## TRY IT
What is needed is the full set of records, word for word, with no pictures.

## RECORDED DATA

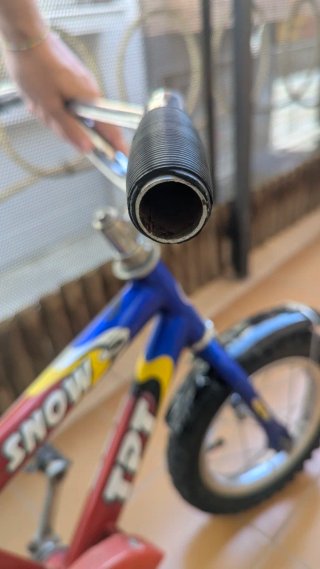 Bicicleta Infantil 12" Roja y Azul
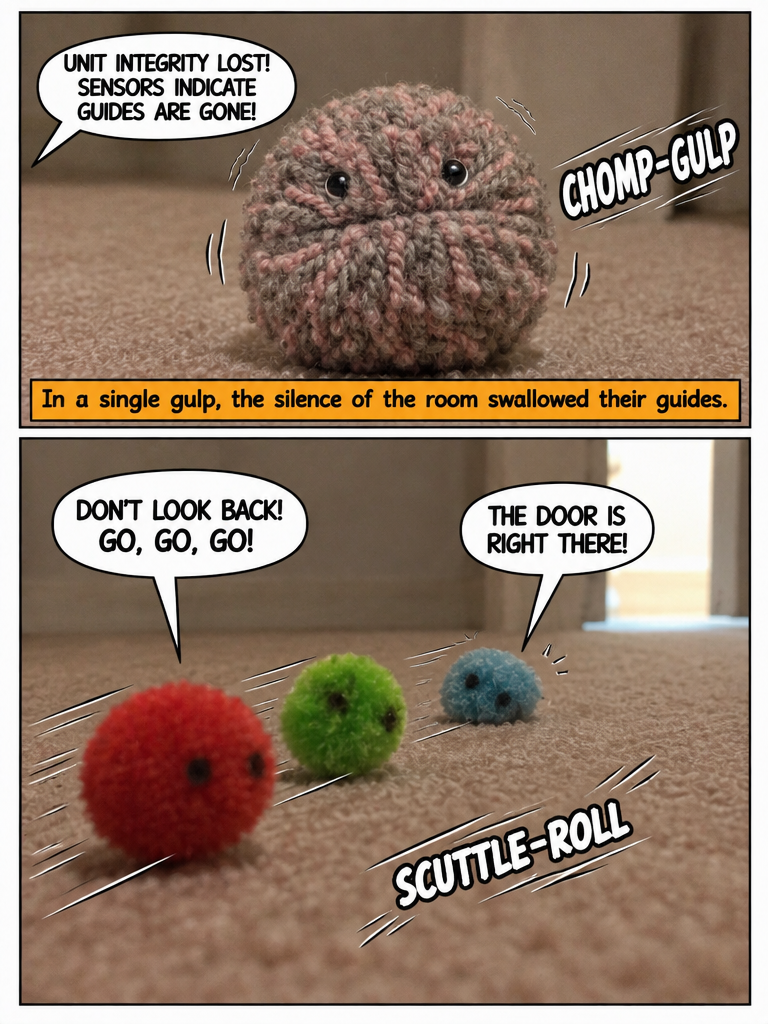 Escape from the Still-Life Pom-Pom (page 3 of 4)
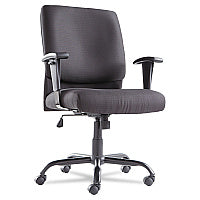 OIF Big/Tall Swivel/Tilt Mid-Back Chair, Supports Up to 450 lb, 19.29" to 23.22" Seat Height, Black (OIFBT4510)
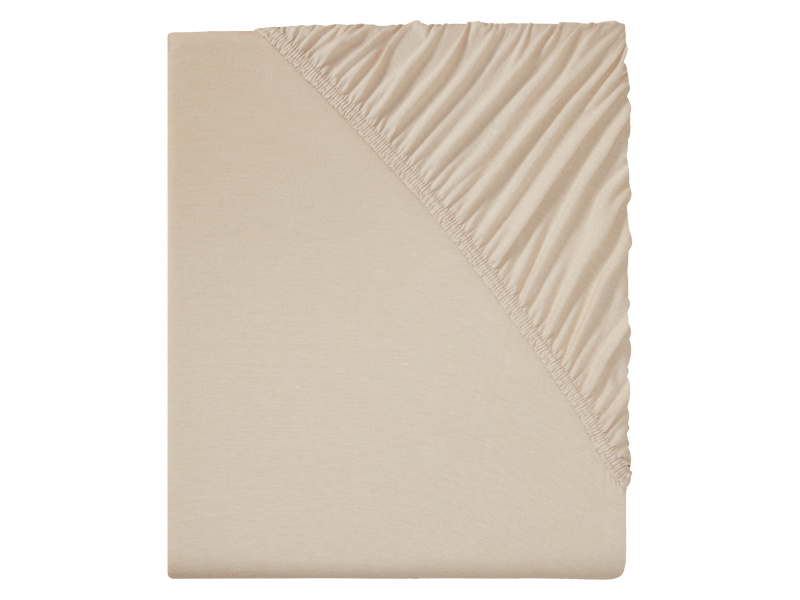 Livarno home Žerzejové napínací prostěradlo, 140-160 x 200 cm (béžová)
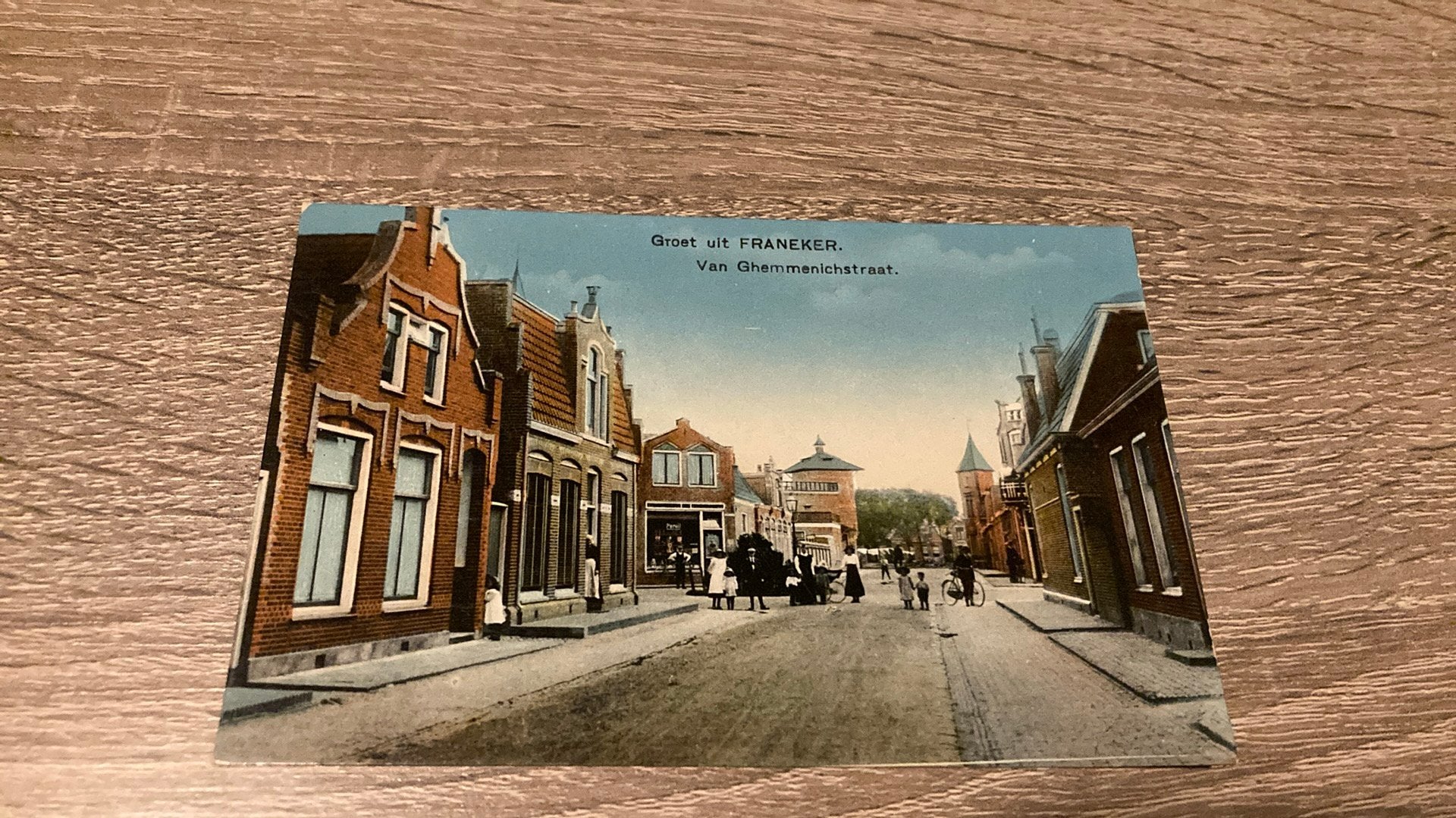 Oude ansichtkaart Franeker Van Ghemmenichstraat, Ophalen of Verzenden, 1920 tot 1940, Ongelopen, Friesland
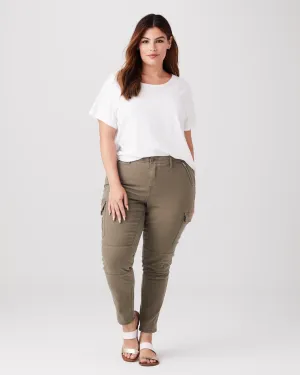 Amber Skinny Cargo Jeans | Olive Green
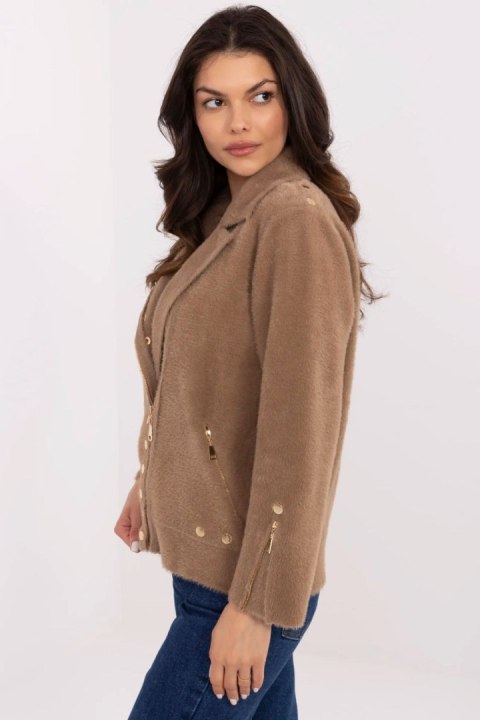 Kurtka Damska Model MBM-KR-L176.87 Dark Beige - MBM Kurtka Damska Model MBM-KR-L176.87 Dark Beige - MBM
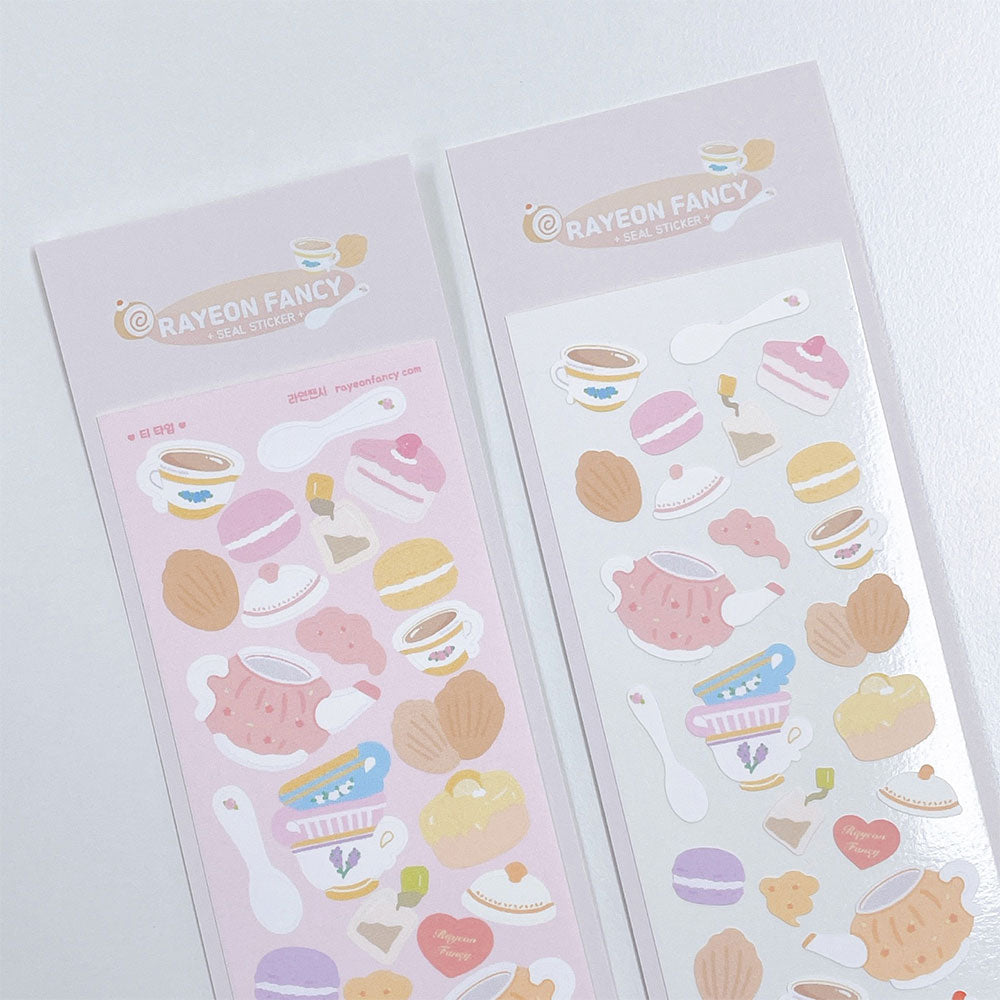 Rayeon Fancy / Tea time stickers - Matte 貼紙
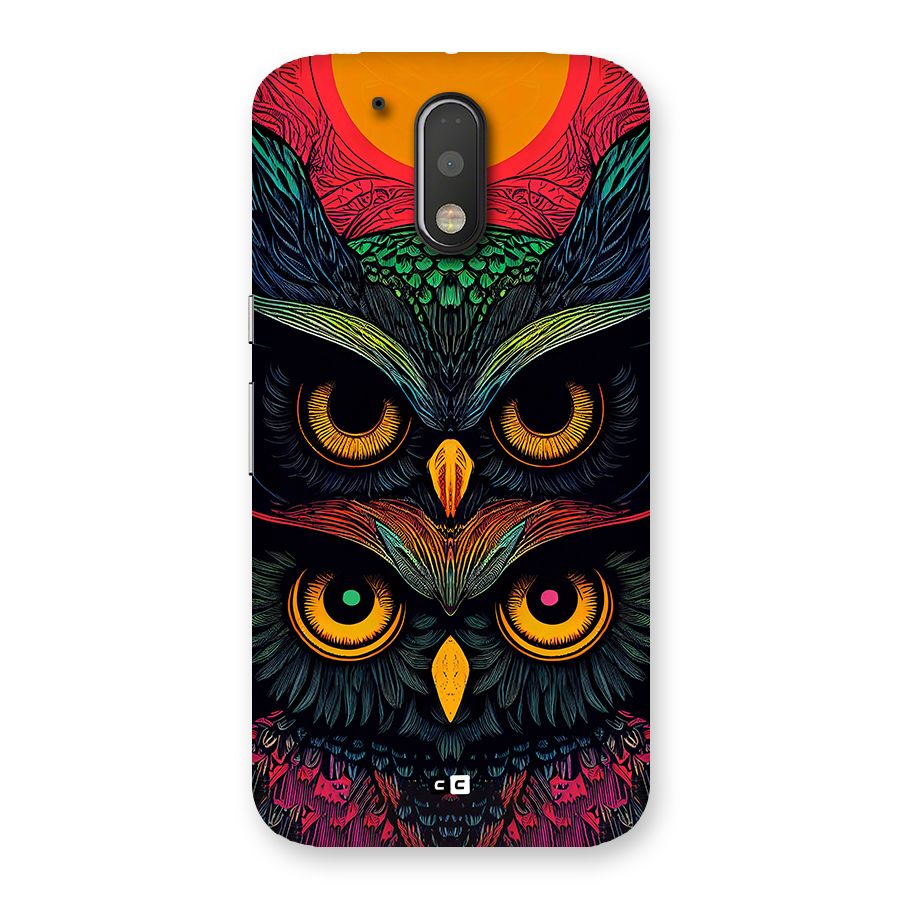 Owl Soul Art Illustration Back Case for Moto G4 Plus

## EXERCISE ANSWER
 Bicicleta Infantil 12" Roja y Azul
 Escape from the Still-Life Pom-Pom (page 3 of 4)
 OIF Big/Tall Swivel/Tilt Mid-Back Chair, Supports Up to 450 lb, 19.29" to 23.22" Seat Height, Black (OIFBT4510)
 Livarno home Žerzejové napínací prostěradlo, 140-160 x 200 cm (béžová)
 Oude ansichtkaart Franeker Van Ghemmenichstraat, Ophalen of Verzenden, 1920 tot 1940, Ongelopen, Friesland
 Amber Skinny Cargo Jeans | Olive Green
 Kurtka Damska Model MBM-KR-L176.87 Dark Beige - MBM Kurtka Damska Model MBM-KR-L176.87 Dark Beige - MBM
 Rayeon Fancy / Tea time stickers - Matte 貼紙
 Owl Soul Art Illustration Back Case for Moto G4 Plus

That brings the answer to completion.